Nordseite soll zum 1. Juli 2022 fertig sein
Noch bis zum 1. Juli 2022 werden Claudia Walde und ihr internationales Team aus Irland, Schweden, der Ukraine und Deutschland an den nördlichen Widerlagern arbeiten. Rund 250 Quadratmeter Fläche werden die vier dann gestaltet haben. Etwa 300 Spraydosen und jede Menge Fassadenfarbe werden sie verarbeitet haben. Auf der gegenüberliegenden Südseite soll bauablaufbedingt im nächsten Jahr gearbeitet werden. Dort muss zunächst der Geh- und Radweg fertig werden, bevor die Wände gestaltet werden können, erklärt Christian Fuß, Projektleiter des Tunnelbaus. Voraussichtlich im April/Mai 2023 wird Claudia Walde also erneut in die Landeshauptstadt reisen, um ihr Werk zu vervollständigen.

Mit dann insgesamt 500 Quadratmetern gehört der Magdeburger Auftrag in die mittlere Kategorie ihrer Arbeiten. Die größte Fläche, die sie bislang gestaltet hat, sei 1000 Quadratmeter groß gewesen. Die höchste Arbeit lieferte sie einmal mit 56 Metern Höhe ab. „Da ist es schon sehr angenehm, in dieser Höhe hier in Magdeburg zu arbeiten“, sagt die Künstlerin und lacht. Ein kleines Gerüst und sie reicht bis oben hin. Hat sie keine Angst, dass ihr Werk durch andere übermalt werden könnte? „Das ist immer ein Thema bei Kunst im öffentlichen Raum. Es gibt Leute, die respektieren die Arbeit, andere nicht. Das müssen wir abwarten“, sagt sie.
Schutzschicht gegen Schmierereien
Doch zur Sicherheit gehört zum Gestaltungsauftrag auch, dass am Ende der Arbeit eine Graffiti-Schutzschicht aufgebracht wird, sagt der Baubeigeordnete Jörg Rehbaum. Damit ließen sich im Fall der Fälle Schmierereien entfernen, ohne die Kunst zu beschädigen.
Die Gesamtkosten für die künstlerische Gestaltung inklusive Wettbewerb und Umsetzung belaufen sich auf 150.000 Euro und sind bereits im Budget des Gesamtprojektes veranschlagt. Bei Neubauten der öffentlichen Hand gilt: Ein Teil des Geldes für den Bau muss auch für Kunst ausgegeben werden.
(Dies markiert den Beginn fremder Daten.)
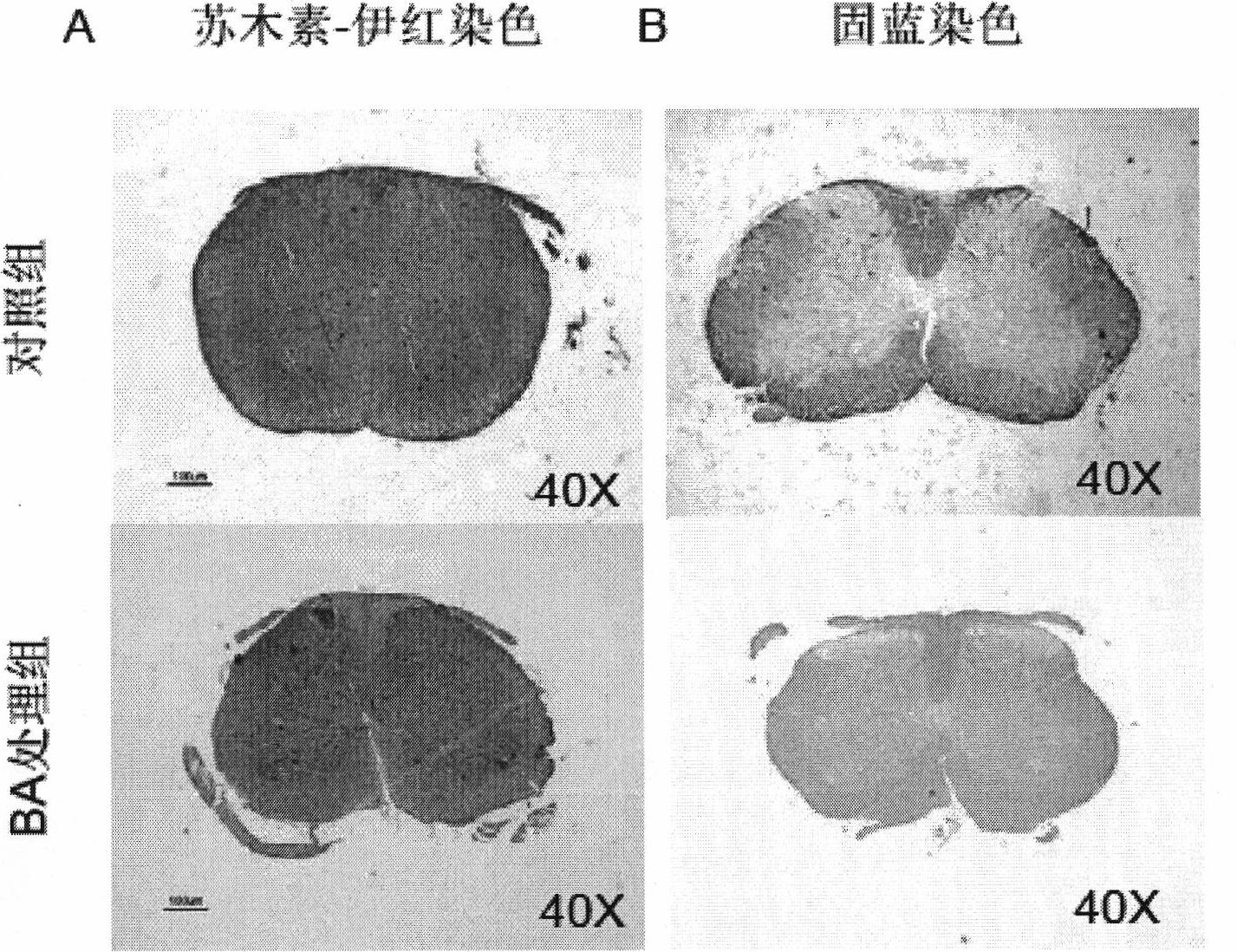 Novel medicinal application of baicalein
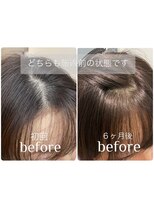 アンジュール ラナリア(1//jour LanaRia) 【生え癖のお悩みに】ヘアリセッターで驚きの変化!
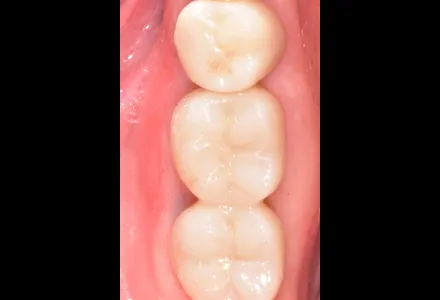 インプラント症例1after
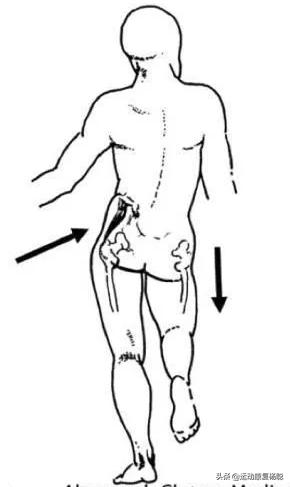 脚踝扭伤长期不好,脚踝扭伤后休息20天怎么康复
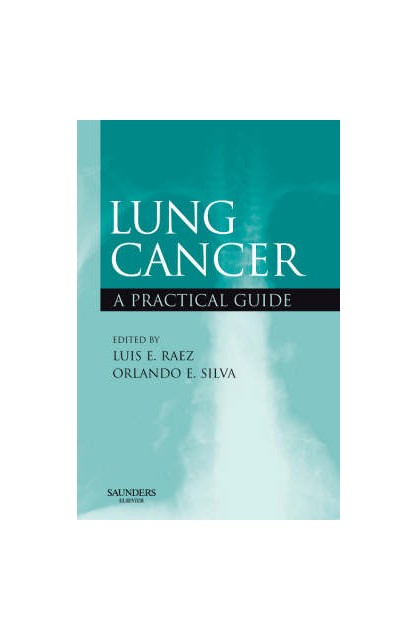 Lung Cancer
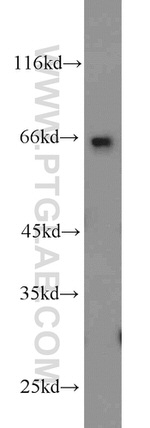 C1orf116 Antibody in Western Blot (WB)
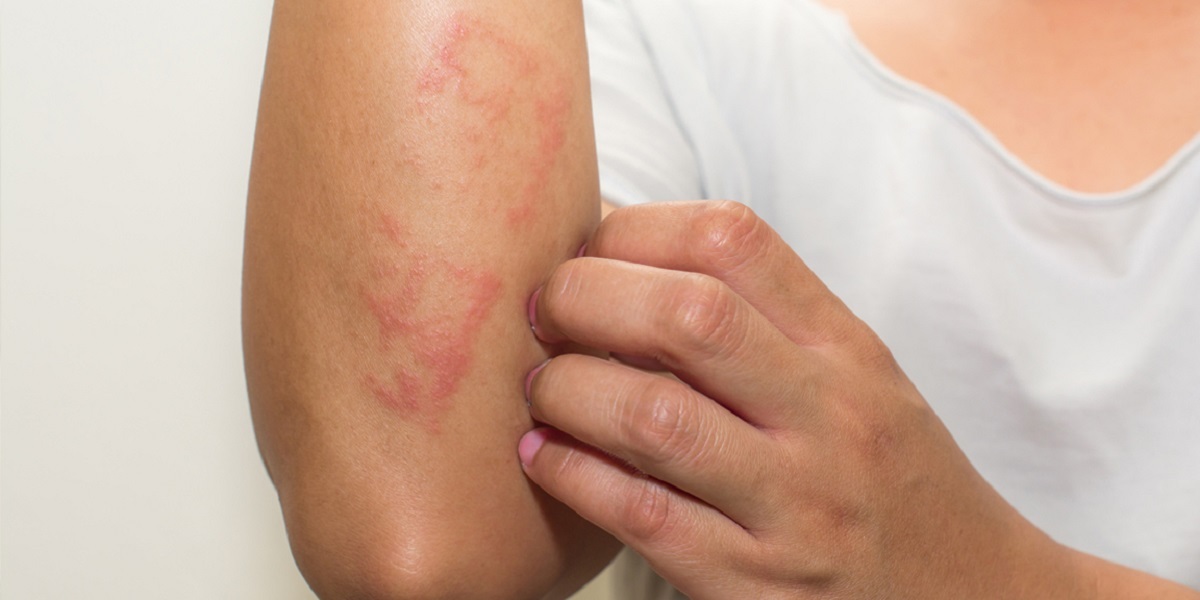 بیماری زونا چیست؟ بیماری زونا چیست؟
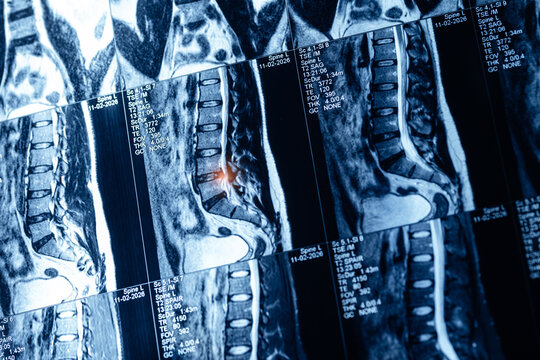 Multiple mri lumbar spine scan series of man adult for medical diagnostic background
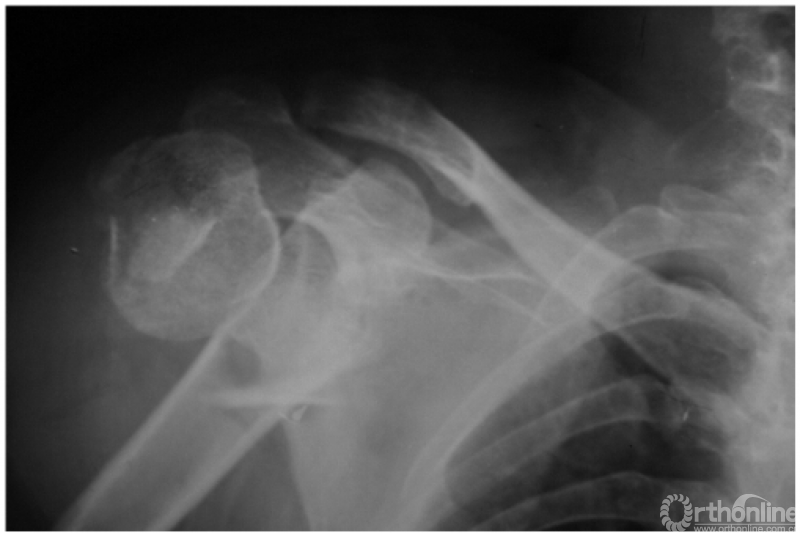 骨科常见疾病x线解析之肩关节骨折与脱位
Kunst am Bau nennt sich das.
Über die Künstlerin:
Claudia Walde, geboren in Bautzen, zählt aktuell zu den weltweit bekanntesten Graffitikünstlern. In der Szene bekannt ist sie unter dem Pseudonym MadC.
Sie studierte an der Kunsthochschule Burg Giebichenstein in Halle sowie am Central Saint Martins College in London. In mehr als 35 Ländern weltweit hat sie bereits Wände und Fassaden mit ihrer Kunst gestaltet.
Für ihre Arbeiten stellt sie sich projektbezogen ein Team zusammen. In Magdeburg arbeiten sie derzeit zu viert. Als nächstes stehen Projekte in Florida und Brasilien an.